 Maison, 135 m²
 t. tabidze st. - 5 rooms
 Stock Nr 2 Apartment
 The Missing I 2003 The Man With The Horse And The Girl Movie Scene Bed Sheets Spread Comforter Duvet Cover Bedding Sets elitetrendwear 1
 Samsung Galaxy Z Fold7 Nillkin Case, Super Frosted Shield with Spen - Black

*The problem:*
Only the lines from the one containing "The Missing I" through the last line of the entries above should be copied, exactly as written.

*Response for this exercise:*
 The Missing I 2003 The Man With The Horse And The Girl Movie Scene Bed Sheets Spread Comforter Duvet Cover Bedding Sets elitetrendwear 1
 Samsung Galaxy Z Fold7 Nillkin Case, Super Frosted Shield with Spen - Black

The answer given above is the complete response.